RIP Michael K Williams – the acting genius behind one of TV’s great characters


There was a time, almost 20 years ago now, when a low-rise housing project in Baltimore christened ‘The Pit’ formed the very fulcrum of pop culture. From this concrete jungle came Stringer Bell (and subsequent megastar Idris Elba); “Suit and tie motherfucker” William ‘The Bunk’ Moreland (Wendell Pierce); and, shotgun barely concealed by his tatty duster, the greatest character within a TV show packed with great characters, Omar Little.

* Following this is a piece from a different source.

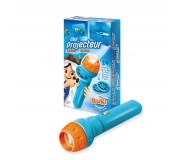 Mini projektor historyjek Buki - Ocean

Michael K Williams wasn’t exactly unknown when he came to prominence as the principled stick-up man in The Wire, but it was the role that made him a star. David Simon’s crime drama arrived at a time when television – the best of which often broadcast on the HBO platform – was being viewed with a reverence long reserved for cinema. Along with Oz, The Sopranos and Deadwood, The Wire was a show we sat down and binged. “A Greek tragedy for the new millennium,” said its creator, with great perception, and at the heart of it was a character unlike any we’d seen before: homicidal, sensitive, openly gay, a mediation on masculinity, armed with a pocket of slugs, a razor-sharp wit and a kiss on the cheek for grandma – “You come at the king, you best not miss…”

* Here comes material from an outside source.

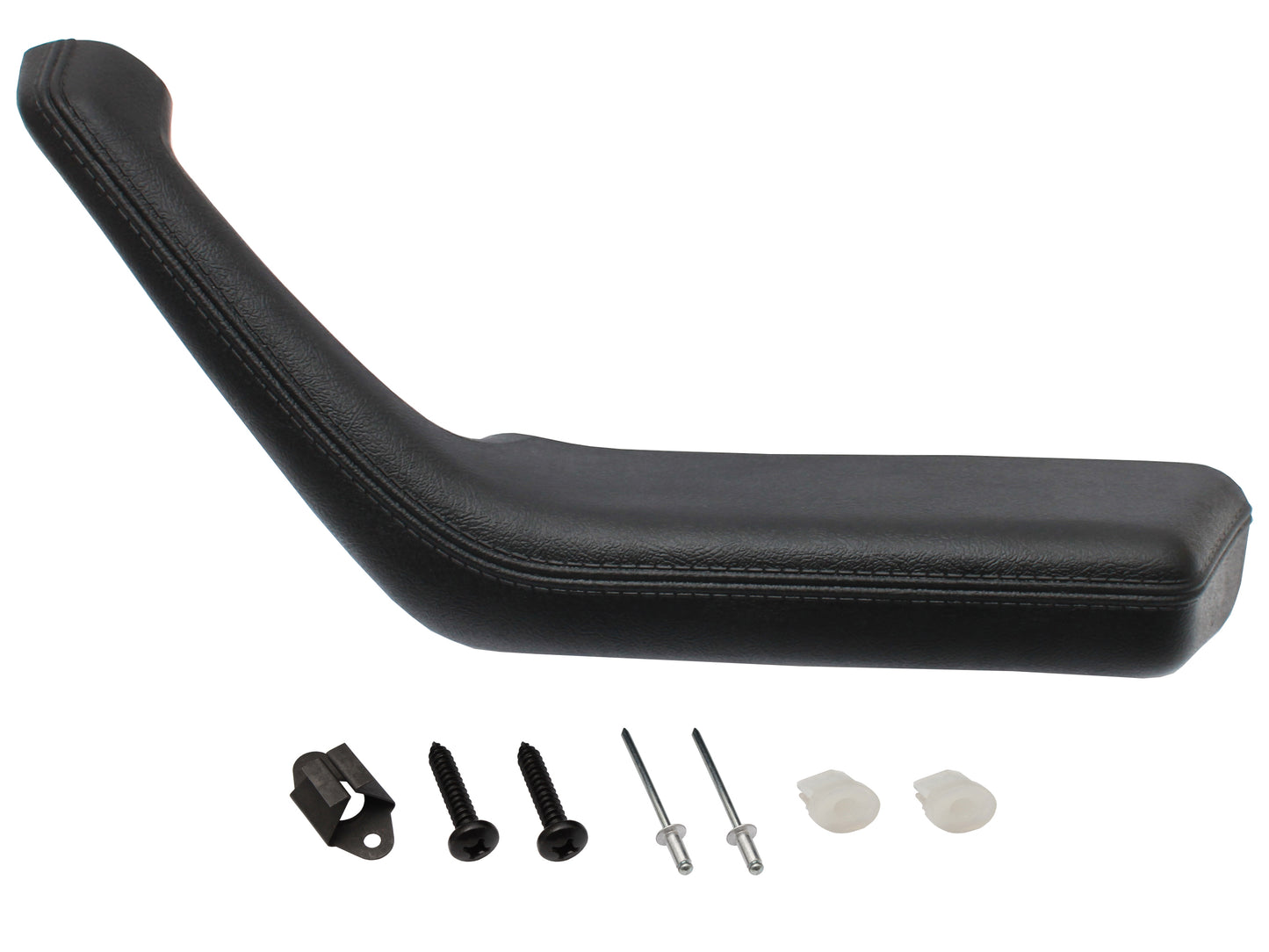 Door Armrest (Front RH) Ford XA XB GT Fairmont - AR2004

Obama, then in the midst of his first Presidential campaign and soon to be the most influential man on the planet, was among the character’s admirers. “Omar’s a great guy,” he said. “That’s not an endorsement – he is not my favourite person – but he’s a fascinating character: a gay gangster who only robs drug dealers, and then gives back, sort of a Robin Hood. And he’s the toughest, baddest guy on the show, but he’s gay. It’s really interesting.”

Michael K Williams
Alongside Dominic West in ‘The Wire’. CREDIT: Alamy

Williams had secured the role after just one audition. He’d never appeared in an episodic production before. He’d principally cut his teeth a dancer, appearing in promo videos for Madonna and George Michael. He’d then starred alongside his hero Tupac Shakur in the 1996 film Bullet. Like many Black actors, crime drama was both a calling and a cage he was keen to avoid. His understanding of Omar was quick and intrinsic. He knew the way Omar walked and the streets he walked upon. He himself had been raised in the Vanderveer projects of East Flatbush, Brooklyn. And yet while Omar was just one of many criminals he would inhabit the skin of, nobody could accuse Williams of ever resorting to type.

He told journalist Joel Murphy in 2005 of the process that led him to taking charge of the character. “They kept it real, and told me, ‘Omar is only supposed to be in seven episodes. We’re very sorry that we wrote to kill you off.’ By the end of those seven episodes, I’m waiting to see how I’m going to die. Here we are three years later and I’m talking to you about Omar…” The character’s sexuality was key to Williams wanting the role. “I fell in love with him on the paper when I read the breakdown,” he said, “before I even read a script.”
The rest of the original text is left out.